Indexing Database Tables
When you're done importing your data to the fact and dimension tables, it's time to think about indexing your database tables to improve performance. How long will it take to build the cubes, and how fast will the queries be executed against the fact and dimension tables? Ideally, most of the business questions should be answered by querying the cube using multidimensional expressions (MDX) and ActiveX Data Objects Multi-Dimensional (ADOMD). However, if any of your users are SQLsavvy, they'll opt for writing queries directly against the fact and dimension tables. Still, your main concern should be to optimize the cube-rebuilding tasks.
The fact table should have a clustered index defined on the combination of all dimension keys. Sometimes such a combination might qualify as a primary key for the fact table, but that won't always be the case. I'll discuss why and when a primary key would not be a combination of foreign keys in a following article. For now, just realize that because you'll be joining the fact table to the dimension tables, the clustered index should be built on all foreign key columns (keep in mind that you can have only one clustered index per table). In addition, it helps to define a nonclustered index on each individual foreign key in the fact table. Individual dimension tables, on the other hand, are not likely to be queried frequently. Therefore, indexing dimension tables is relatively straightforward: You can place a clustered index on a primary key or another column that might be queried frequently. A nonclustered index on a primary key of a dimension table will do just fine.

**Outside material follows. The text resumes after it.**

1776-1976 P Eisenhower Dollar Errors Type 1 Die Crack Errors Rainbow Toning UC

By now, you might be asking how you are supposed to load the data and maintain the indexes that I recommended. If so, give yourself a credityou know that indexes can be a blessing in disguise when it comes to INSERT, UPDATE, and DELETE statements. The issue here is that SQL Server has to maintain the index keys as data modifications occur. Therefore, INSERT, UDPATE, and DELETE statements will generally run more slowly on tables with indexes. Before you rush off to test this theory, let me warn you: SQL Server 2000 is an awesome product that manages indexes much more efficiently than any of its predecessors. Therefore, if you have 10,000 rows in your fact table, indexes will not slow your performance drastically. But when you get up to several million rows, tiny index maintenance taxes will add up quickly.

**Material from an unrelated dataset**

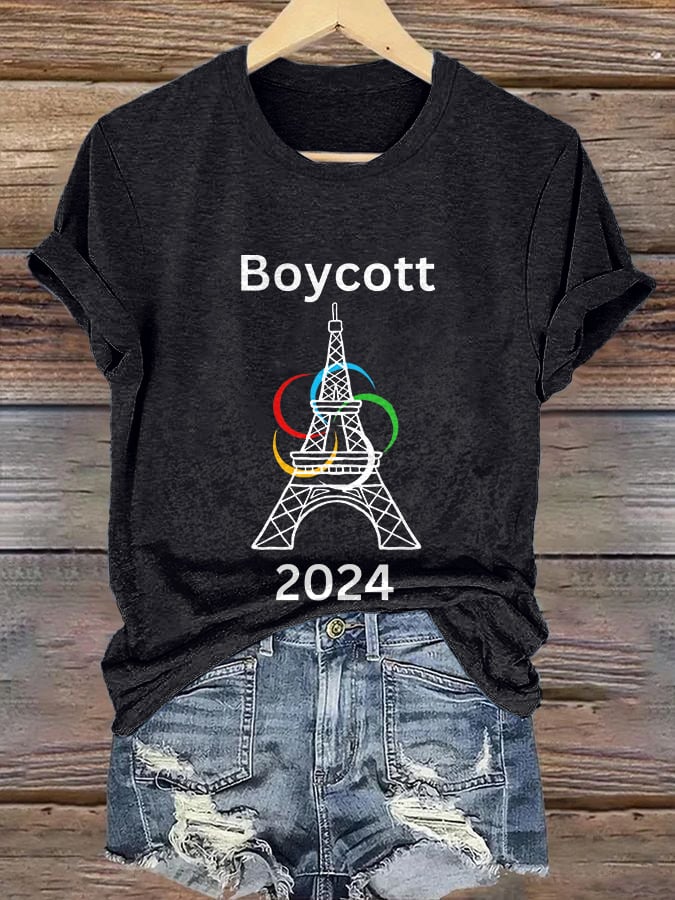 Retro Boycott 2024 Print T-Shirt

Some experts suggest populating the fact tables through BULK copy operations. SQL Server offers a command-line utility affectionately referred to as BCP (for the Bulk Copy Program), as well as a Transact-SQL BULK INSERT command to handle such tasks. I'll save the discussion of BCP and BULK INSERT for another article. Personally, I do not recommend writing data out to the file system and then copying it back to SQL Server format (which is what you'd have to do if your transactional data is already in SQL Server). In my experience a better approach has been to do the following:
- Drop the indexes on the fact table.
- Insert the new records into the fact table.

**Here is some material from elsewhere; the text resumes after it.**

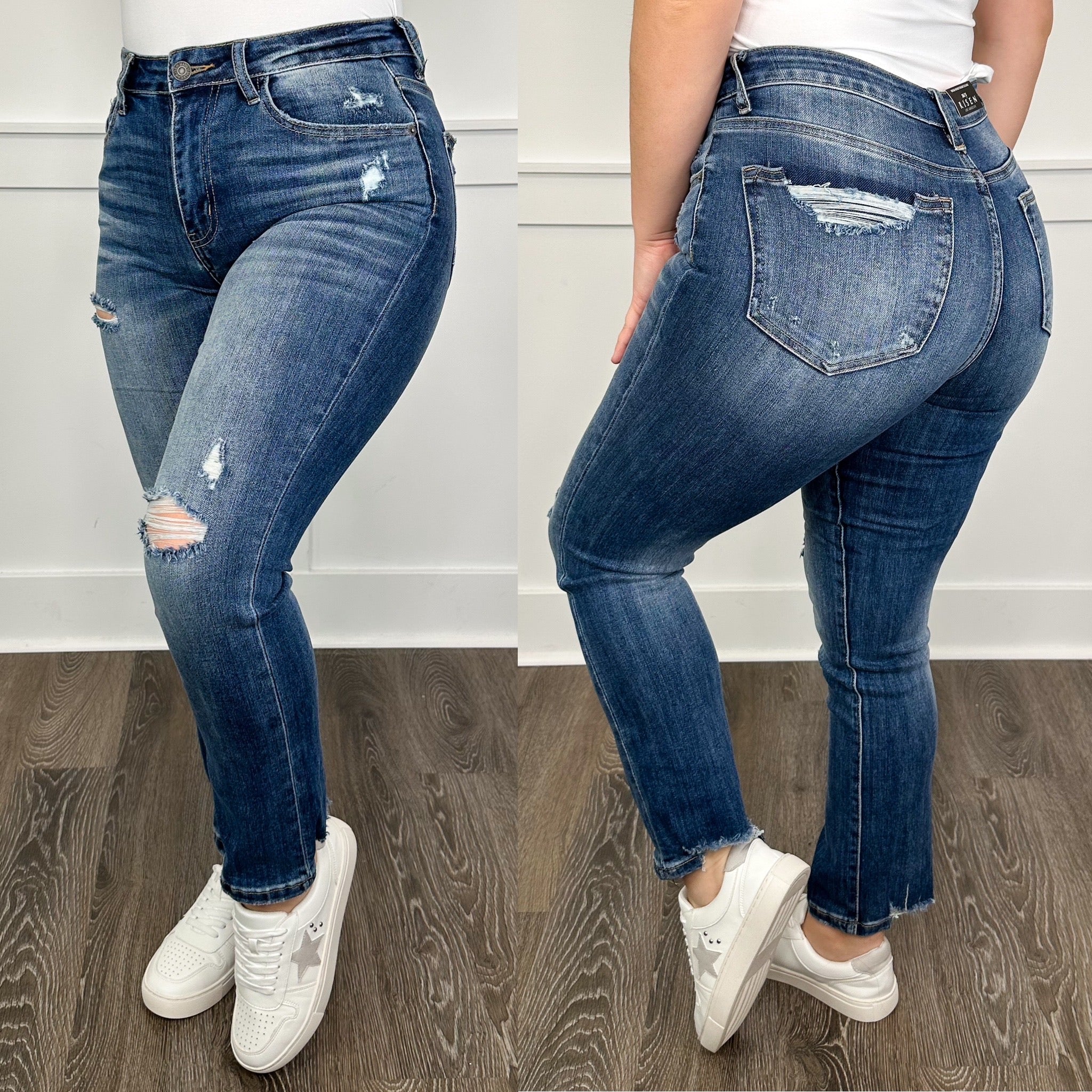 Risen Raegan Distressed High-Rise Straight Leg Vintage Dark Wash Blue Jeans - Image 4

- Truncate the transaction log when you're finished populating the fact table.
- Rebuild indexes on the fact table.
I know that this sounds like a lot of work, but if your performance matters, this investment of effort will pay substantial dividends.
This discussion means that you have to drop and re-create indexes on the fact table each time you populate it with new data. The indexes on the dimension tables are usually not so troublesome, unless you have thousands of new customers to insert into the Customer dimension each time you populate your data warehouse. Most of the time, rebuilding indexes on the dimension tables once for every 5 to 7 populations of the fact table will provide acceptable performance.